Flore, amoureuse de Jacques Lantier, est devenue folle de jalousie depuis qu’elle a découvert la
liaison du jeune homme avec Séverine. Pour se venger, elle provoque un spectaculaire accident de
train qui doit entraîner la mort des 2 amants. Nous assistons ici à la mort de la Lison, la locomotive de
Jacques à laquelle, il est très attaché et nous constatons aussi par un effet de miroir l’effet que
produit cette mort sur ceux qui y assistent.

I ) La mort de la Lison
Cette mort est à la fois dramatique et pathétique.

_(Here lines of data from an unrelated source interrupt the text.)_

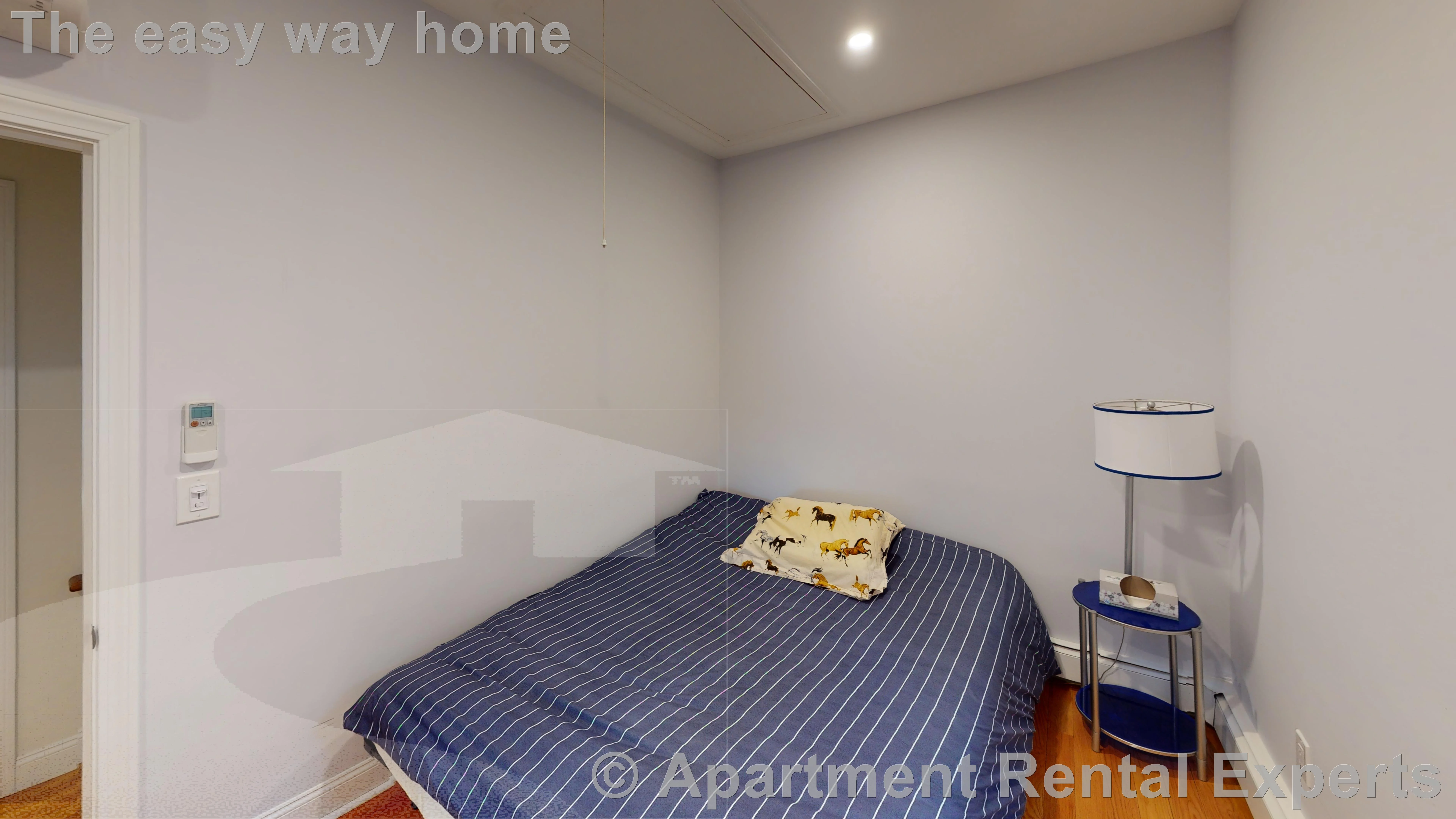 2 bed, 3 bath apartment for rent at 9A Ashton Pl, Harvard Square — photo 3 of 16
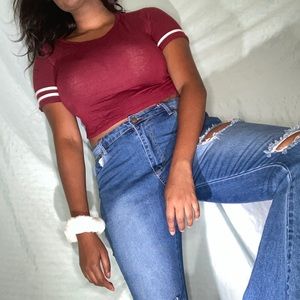 Crimson crop top🥵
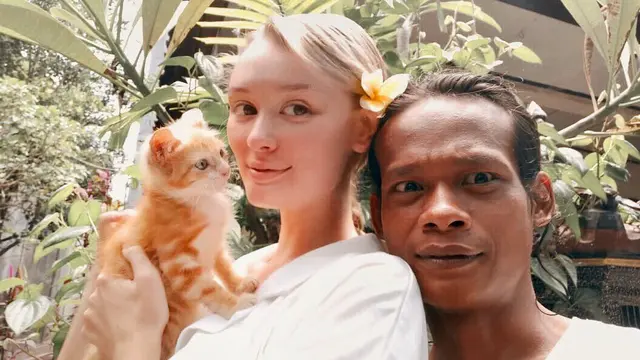 Potret Nur Khamid dan Polly Alexandria Robinson. (Sumber: Instagram/pollyoddsocks)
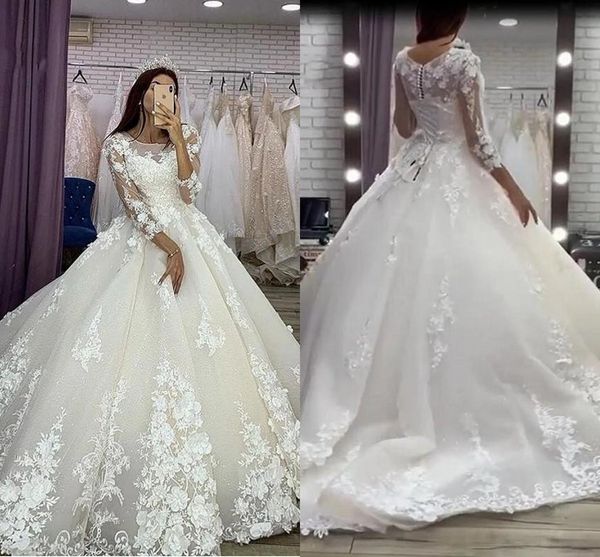 

vestidos de novia 3/4 long sleeves princess ball gown wedding dresses 2021 vintage 3d floral lace appliqued scoop neck puffy bridal gowns ar, White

1°) Personnification de la Lison


C’est une personnification constante. Jacques entretient avec elle des rapports privilégiés : la Lison
lui permet d’échapper à sa folie, et il est débarrassé de ses pulsions meurtrières qu’il a avec les
femmes. Tout son affection est sur la machine. C’est pour ça qu’il a donné un nom de femme à sa
locomotive.
Il assimile la Lison à un être humain à travers les métaphores et les comparaisons :
- «l’âge arrive, qui alourdit les membres»
- «une petite plainte d’enfants»
- «des bras convulsifs»
- «le cadavre humain»
Elle est aussi assimilée à un animal :
- «ses flancs»
- «bête de luxe»
De façon générale, elle est présentée comme un être vivant :
- «le souffle»
- «cœur»
- «le sang de ses veines»
- «l’haleine»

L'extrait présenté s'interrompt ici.